**Data block:**
↓↓↓

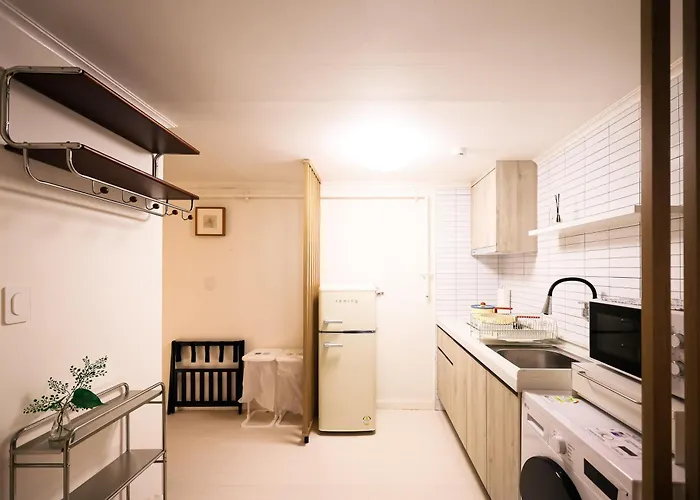 청담동, 명품거리, 청담역, 압구정로데오, 성형 병원, 한강공원, 강남도심, 발마사지기, 에어드레서, 무료주차 * Seul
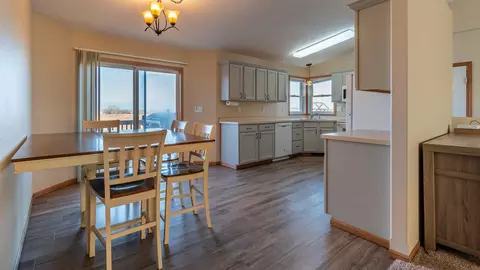 122 Libby Rd, Lincoln, ND 58504 photo 9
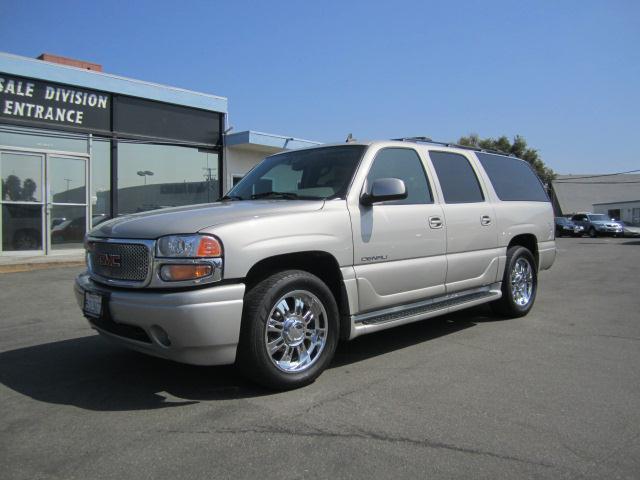 GMC Yukon XL EX Sedan 4D Sport Utility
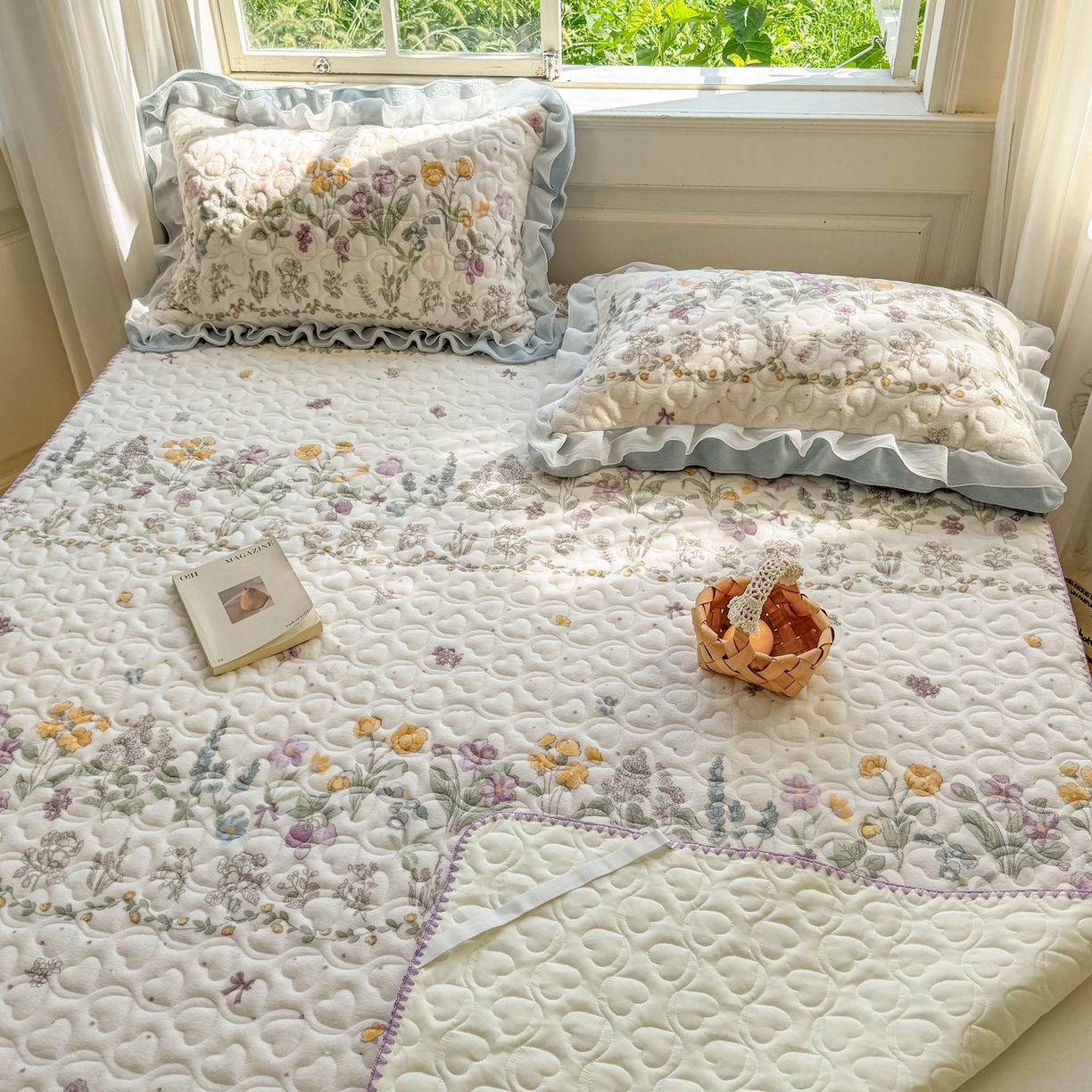 91家纺网 家纺一手货源 找家纺 禧缘家纺（原梦想家） 2025新款牛奶绒三角针绑带款夹棉床笠床单 蓝铃风语-绑带款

↑↑↑

**Description of the task:**
The copy must start at the line containing "GMC Yukon XL EX Sedan 4D Sport Utility" and end at the last line of the data, matching each line exactly. It must hold no pictures.

**Finished exercise:**
 GMC Yukon XL EX Sedan 4D Sport Utility
 91家纺网 家纺一手货源 找家纺 禧缘家纺（原梦想家） 2025新款牛奶绒三角针绑带款夹棉床笠床单 蓝铃风语-绑带款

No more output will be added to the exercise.